=== Provided material ===

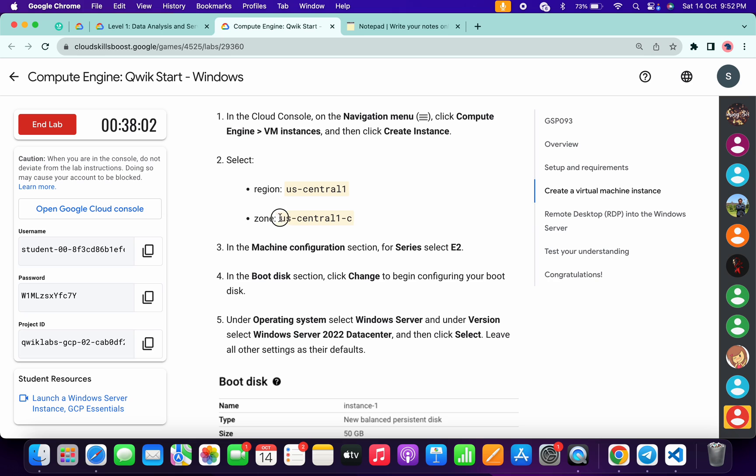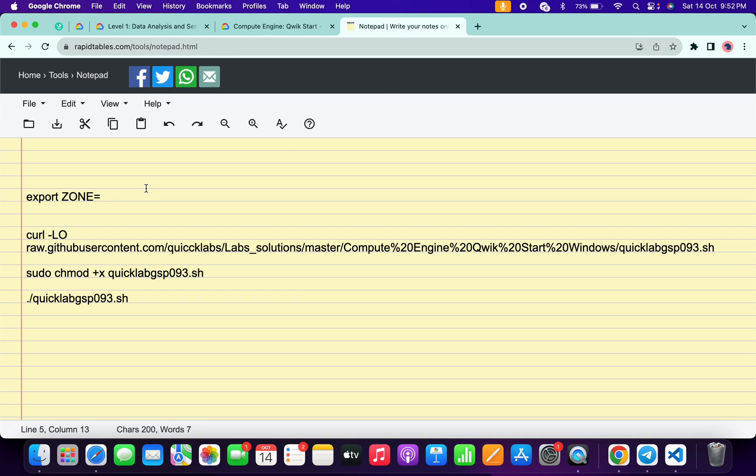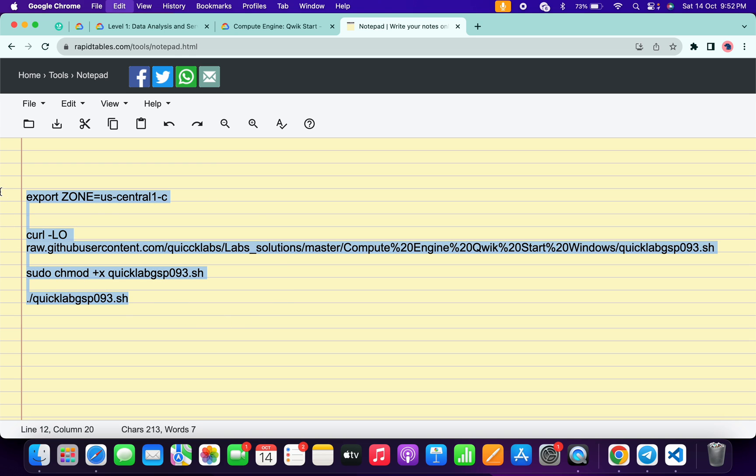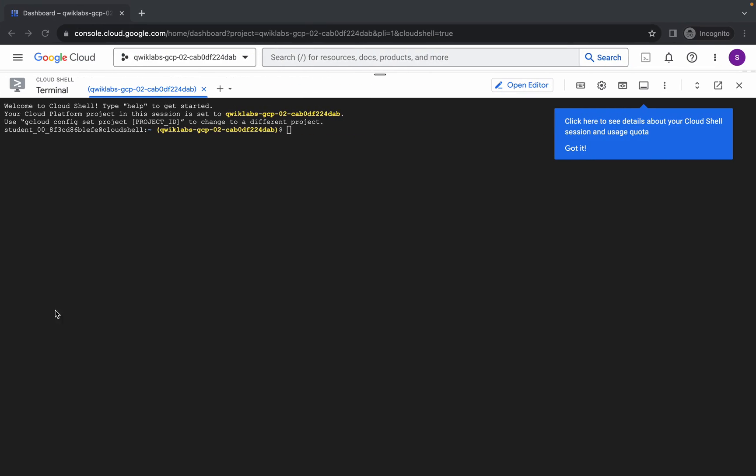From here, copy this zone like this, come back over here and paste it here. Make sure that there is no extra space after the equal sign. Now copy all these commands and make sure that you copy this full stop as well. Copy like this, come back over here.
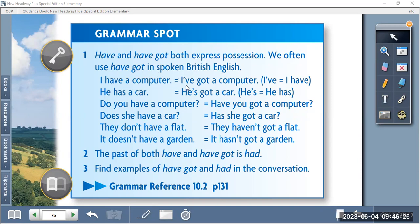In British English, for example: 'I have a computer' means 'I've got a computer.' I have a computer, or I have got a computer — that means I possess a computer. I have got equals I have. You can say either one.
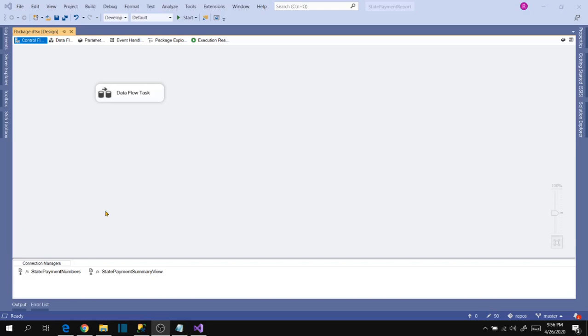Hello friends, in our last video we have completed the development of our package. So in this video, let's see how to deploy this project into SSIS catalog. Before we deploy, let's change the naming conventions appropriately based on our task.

===

Task statement –
Return to the listing above and set it down exactly, leaving out its pictures.

Reply –
From here, copy this zone like this, come back over here and paste it here. Make sure that there is no extra space after the equal sign. Now copy all these commands and make sure that you copy this full stop as well. Copy like this, come back over here.
In British English, for example: 'I have a computer' means 'I've got a computer.' I have a computer, or I have got a computer — that means I possess a computer. I have got equals I have. You can say either one.
Hello friends, in our last video we have completed the development of our package. So in this video, let's see how to deploy this project into SSIS catalog. Before we deploy, let's change the naming conventions appropriately based on our task.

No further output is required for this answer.